Historicamente, em 2013, uma recomendação ao Governo do Estado para dobrar as vagas do Abrigo Olavo Bilac (o único abrigo público estadual para idosos) foi negada sob o argumento de que a responsabilidade deveria ser municipal. Atualmente, a desospitalização de idosos sem alta social, por ausência de responsáveis familiares, já teve início na rede hospitalar da capital. Segundo informações da Secretaria de Direitos Humanos e Desenvolvimento Social (SDHDS), 15 idosos foram reintegrados às famílias de origem e 33 estão em processo de identificação familiar. Paralelamente, a Secretaria Municipal de Saúde (SMS) atua na busca ativa de familiares para viabilizar a alta social.
Do lado do Governo, a Secretaria Estadual da Saúde (Sesa) informa que os idosos internados continuam sendo acompanhados pelas equipes assistenciais, embora a longa permanência impacte a rotatividade de leitos essenciais. Essa situação reforça a necessidade de integração entre o SUAS e o SUS, para que as demandas sociais e de saúde sejam atendidas de forma conjunta.
No aspecto legal, o abandono de idosos em hospitais e outras instituições configura crime, conforme o Estatuto da Pessoa Idosa (lei nº 10.741/2003). A advogada Patrícia Viana, presidente da Comissão dos Direitos da Pessoa Idosa da OAB/CE, enfatiza que a responsabilidade não recai somente sobre o Estado, mas também sobre a família – a qual não pode se eximir de seu papel protetivo, sob pena de incorrer em detenção de seis meses a três anos, além de multa.

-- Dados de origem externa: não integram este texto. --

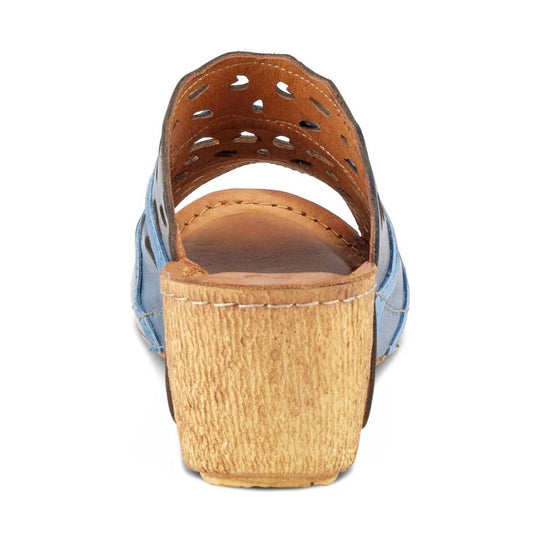 Blue and tan wedge sandal seen from the back, with a cutout leather upper and textured cork-look heel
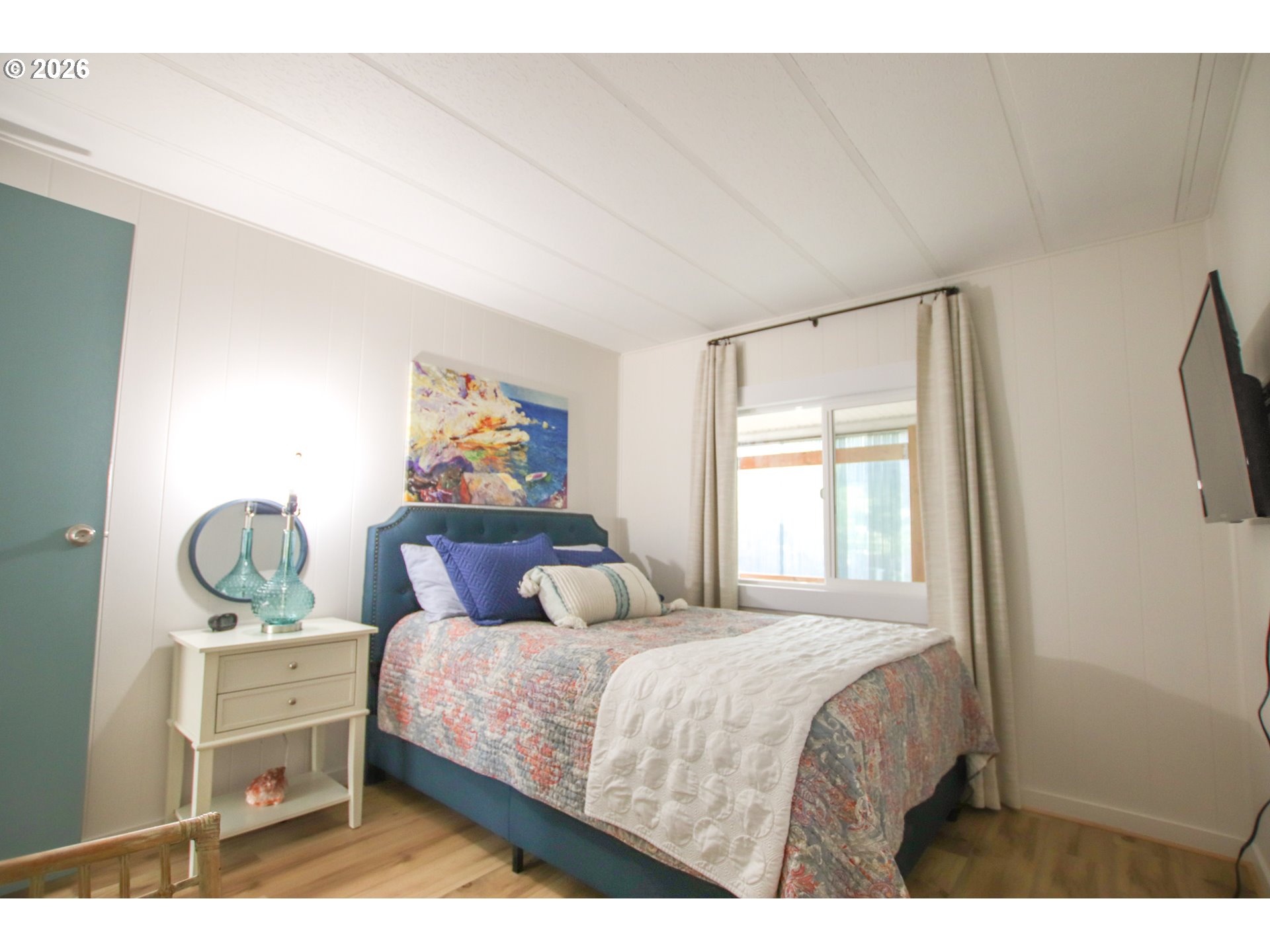 1431 Maple Street Florence, OR 97439 - Photo 18 of 43 a bedroom with a bed and window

Ainda, a fragilidade dos vínculos sociais e familiares – descrita por Elizio Loiola, presidente da Associação Cearense Pró-Idosos (Acepi) – agrava a situação. Em resposta, medidas emergenciais têm sido propostas. Em dezembro de 2024, a Prefeitura de Fortaleza assinou o Protocolo de Intenções e Contrato de Locação para a implantação da primeira ILPI pública municipal, com capacidade para acolher 100 idosos com diferentes níveis de dependência. Essa iniciativa, que representa um avanço importante e dados atualizados para 2025, é vista como crucial para aliviar a sobrecarga do sistema de saúde e oferecer um destino digno aos idosos abandonados.
Integrar políticas públicas por meio dos Centros de Referência e Assistência Social (CRAS) e dos Creas é fundamental para fortalecer os vínculos e garantir que, após a alta médica e social, esses pacientes retornem ao aconchego de suas famílias – ou recebam acolhimento adequado, caso contrário. Cada ente, Estado, Município e família, precisa assumir sua parcela de responsabilidade para proteger e apoiar esses idosos que tanto necessitam de cuidados e respeito.